4. Concluding Remarks

In this work, we successfully developed and presented an approach by means of MCS to compute the covariance matrix of residuals and critical values for normalized residuals in any adjustment procedure. Since the LS method has a well-established analytical expression for the covariance matrix of residuals, our MCS strategy to estimate it was first applied to LS. We found that differences in respective elements between our strategy and analytical formulation were negligible, which validates our approach.

Numerical results of the whole procedure of computing critical values, which includes the estimation of the respective residuals covariance matrix, were presented in three leveling networks for minimum L1-norm solved by the simplex method of linear programming and compared to LS (for the covariance matrix of residuals) and IDS based on LS results (for critical values). In this sense, we highlight that, as mentioned, the minimum L1-norm solution may not be unique. Hence, conclusions of this paper are associated with the simplex solution of minimum L1-norm.

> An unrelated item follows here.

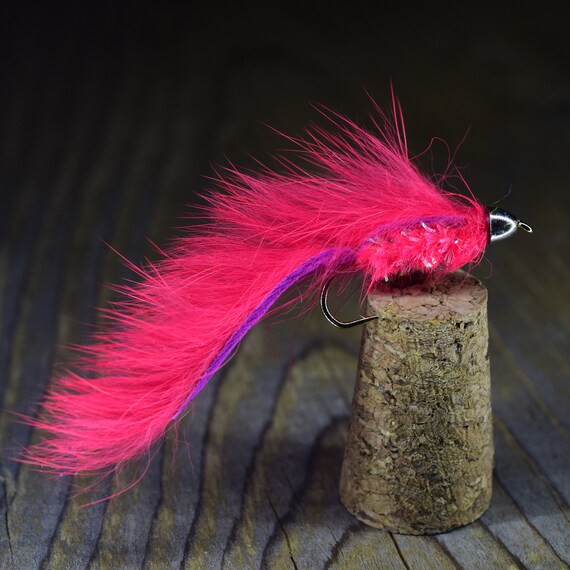 zonker fly patterns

We have shown that the covariance matrix of residuals may change along with the adjustment procedure (in our case, from LS to minimum L1-norm). Therefore, since robust estimators generally do not have a well-established solution to compute the covariance matrix of residuals, the approach presented for any adjustment procedure (including robust estimators) herein is a valuable strategy.

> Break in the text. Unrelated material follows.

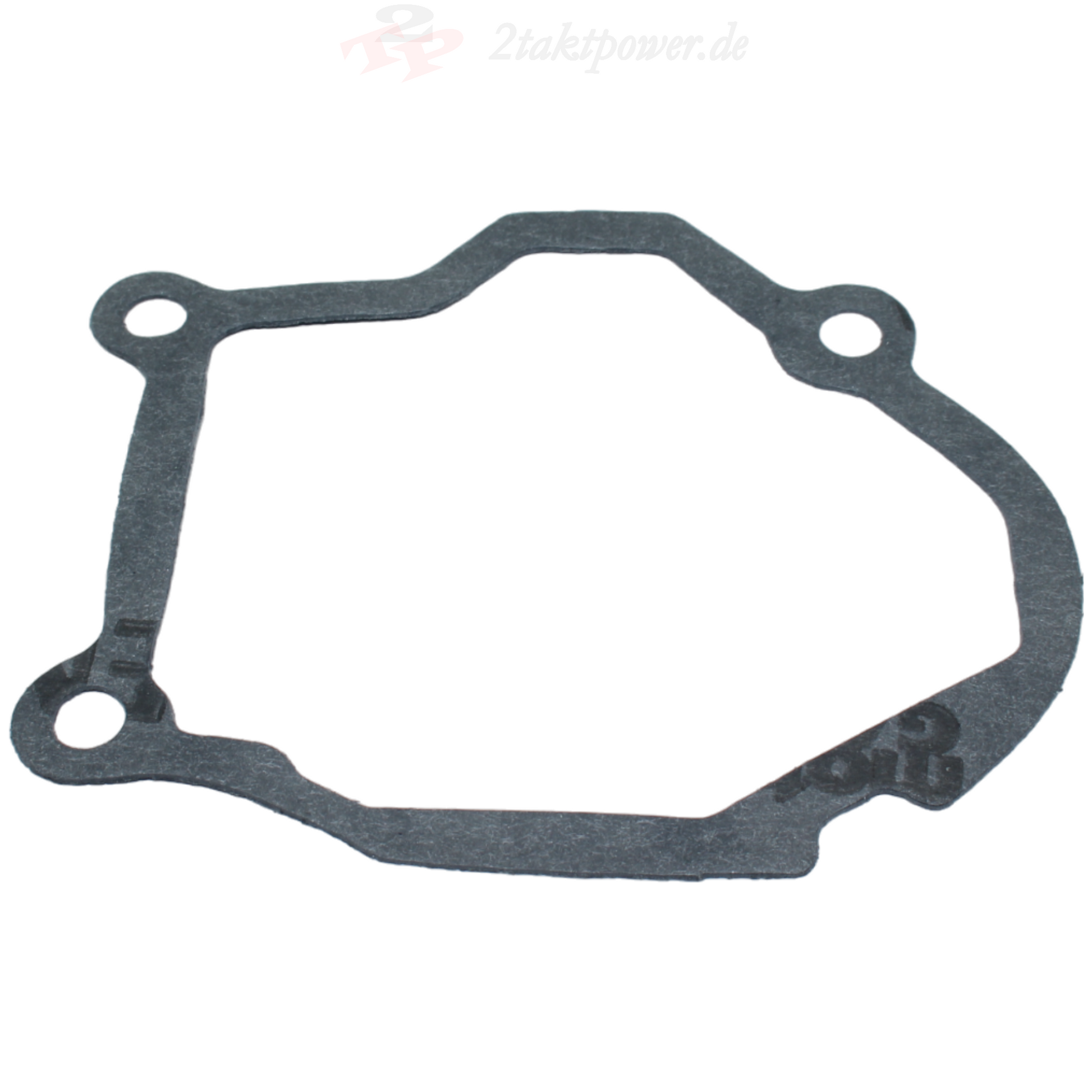 Dichtung Ölpumpe 3 Loch Deckel Kupplungsdeckel für Yamaha DT TDR TZR 125, LC2 ZZ ZX XTC 125, Referenznummer: 3BN1545611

Surveyors cannot rely on critical values from univariate normal distribution either for IDS or minimum L1-norm. Moreover, critical values vary even among robust estimators. However, unlike IDS, the critical values in minimum L1-norm do not necessarily tend to increase with network redundancy. Hence, the main contribution of this work was the proposed Monte Carlo-based critical values to control the false positive rate for normalized residuals of robust estimators.

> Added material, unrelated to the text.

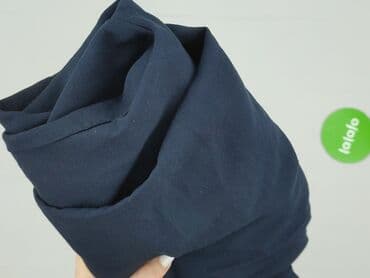 buty na koturnie deichmann: Spodnie materiałowe damskie, rozmiar L — 6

Future research should perform this proposal in order to provide a fair comparison among different quality control procedures with the same false positive rate. Furthermore, one can investigate effects of chosen false positive rates in probability levels of classes of errors in outlier identification, i.e., type II error, type III error, overidentification positive and negative, and statistical overlap (see [16] associated with robust estimators).

The proposed approach for the computing residuals covariance matrix can be extended to covariance matrices other than the residuals one in future works. One can, e.g., compute the network parameters in each MCS trial and then compute the parameter covariance matrix of the chosen adjustment procedure.

The relationship between network redundancy and critical values for normalized residuals in robust estimation also needs further investigation. Besides, the new approach for the computation of the covariance matrix of residuals and for the estimation of critical values for normalized residuals described here should be applied for other robust estimators and other types of geodetic networks, such as Global Navigation Satellite System (GNSS) networks.

Appendix

Tables 46 present matrices Ʃv(LS-A), Ʃv(LS-MCS), and Ʃv(L1-MCS) computed for network A, respectively.

Tables 79 present matrices Ʃv(LS-A) , Ʃv(LS-MCS), and Ʃv(L1-MCS) computed for network B, respectively.

Tables 1012 present matrices Ʃv(LS-A) , Ʃv(LS-MCS), and Ʃv(L1-MCS) computed for network C, respectively.

Data Availability

All codes that support the findings of this study are available from the corresponding author upon request.

Conflicts of Interest

The authors declare that there are no conflicts of interest regarding the publication of this paper.

Acknowledgments

This work was supported by the Department of Science and Technology of the Brazilian Army. The authors would like to thank the research group “Controle de Qualidade e Inteligência Computacional em Geodesia” (dgp.cnpq.br/dgp/espelhogrupo/0178611310347329).